Juiz de Fora: Treinamento na Nexa vai deslocar 800 moradores da região de Igrejinha

“Estamos em Minas Gerais, onde duas barreiras já se romperam. Imagina convencer uma comunidade de que a nossa barragem está segura?! Tentamos, mas é difícil. Os moradores me respondem: ‘Você acredita que está segura?’. Respondo: ‘Não só acredito, como preciso acreditar. Se não acreditar, não durmo’”, relata Geisilaine da Silva Castro, 36 anos. Liderança do Bairro Igrejinha, onde mora “desde que me entendo por gente”, a agente comunitária de saúde participará, neste sábado (8), às 9h, do exercício preventivo para evacuação de emergência da Zona de Autossalvamento da Barragem da Pedra, localizada às margens da BR-267, cuja proprietária é a Nexa Resources – antiga Votorantim Metais. Cerca de 800 pessoas habitam a área nas comunidades de Igrejinha e Vila São João Batista, que será potencialmente atingida em caso de rompimento da estrutura.

Nos últimos meses, Geisilaine, junto a demais moradores da região e representantes da Nexa, participou de reuniões preparatórias para a atividade preventiva de evacuação – a primeira realizada pela metalúrgica desde o início das operações em Juiz de Fora -, além de ter, recentemente, visitado a estrutura de contenção de resíduos industriais. O exercício é considerado introdutório para o simulado previsto para outubro. “As pessoas estão muito apreensivas em relação ao exercício, mesmo que a gente oriente, fale que se trata somente de uma ação preventiva. Os moradores estão muito assustados devido aos rompimentos de Mariana e Brumadinho”, conta Geisilaine. “As pessoas dizem: ‘Ah, a gente não está seguro’, ‘Minha mãe não está dormindo’, ‘Meu filho não quer ir para a escola por medo’ (…) Temos uma barragem, precisamos conhecer o entorno.”

Evacuação de emergência da Zona de Autossalvamento da Barragem da Pedra, localizada às margens da BR-267, comerá às 9h, neste sábado (Foto: Olavo Prazeres)

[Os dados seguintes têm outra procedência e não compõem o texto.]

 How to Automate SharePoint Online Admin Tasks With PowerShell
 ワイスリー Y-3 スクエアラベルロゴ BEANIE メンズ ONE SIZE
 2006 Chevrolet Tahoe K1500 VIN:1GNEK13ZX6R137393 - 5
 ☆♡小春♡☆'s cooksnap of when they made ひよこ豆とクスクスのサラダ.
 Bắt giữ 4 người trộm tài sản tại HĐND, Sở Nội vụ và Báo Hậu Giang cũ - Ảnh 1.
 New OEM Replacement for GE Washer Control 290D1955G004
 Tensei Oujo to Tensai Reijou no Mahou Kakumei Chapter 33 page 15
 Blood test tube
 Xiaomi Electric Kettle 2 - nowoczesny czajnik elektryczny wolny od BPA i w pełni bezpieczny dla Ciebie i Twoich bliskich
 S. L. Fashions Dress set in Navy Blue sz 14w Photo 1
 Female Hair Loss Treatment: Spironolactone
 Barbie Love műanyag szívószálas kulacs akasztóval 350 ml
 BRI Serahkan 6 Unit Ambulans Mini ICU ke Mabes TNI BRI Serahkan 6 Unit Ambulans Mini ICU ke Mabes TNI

Ainda que a Nexa assegure a estabilidade das barragens por meio de monitoramento rotineiro dos instrumentos geotécnicos e de inspeções visuais, os recentes rompimentos das barragens das minas do Fundão, em Mariana, e do Córrego do Feijão, em Brumadinho, além do iminente desabamento de um dos taludes do dique da Mina Gongo Soco, em Barão de Cocais, assustam as comunidades de Igrejinha e Vila São João Batista. De acordo com o Relatório de Segurança de Barragens da Agência Nacional das Águas (ANA) de 2017 – última edição publicada pelo órgão -, o dano potencial associado das barragens da Pedra e dos Peixes – estrutura inativa, mas ainda mantida – é classificado como alto, isto é, em caso de rompimento, as consequências seriam graves, considerada a ocupação da área abaixo da barragem.

Treinamento em 3 etapas

O exercício de evacuação será dividido em três etapas: em Igrejinha, às 9h; às 11h, na Vila São João Batista; e, por fim, às 13h30, na planta industrial da Nexa. Conforme a coordenadora de Meio Ambiente da Nexa Resources, Milena Alves Moreira, as orientações a respeito de comportamento e trajeto a serem tomados foram repassadas aos moradores. “Teremos carros de som percorrendo as ruas que se encontram dentro da área de autossalvamento, convidando os moradores para que possam se deslocar até o ponto de encontro mais próximo. Ao chegar, serão entrevistados para dizer se verificaram alguma condição adversa no caminho, sobre a sinalização, o tempo gasto para chegar até o ponto de encontro. Também receberão uma pasta com o mapa da localização desses pontos de encontro.”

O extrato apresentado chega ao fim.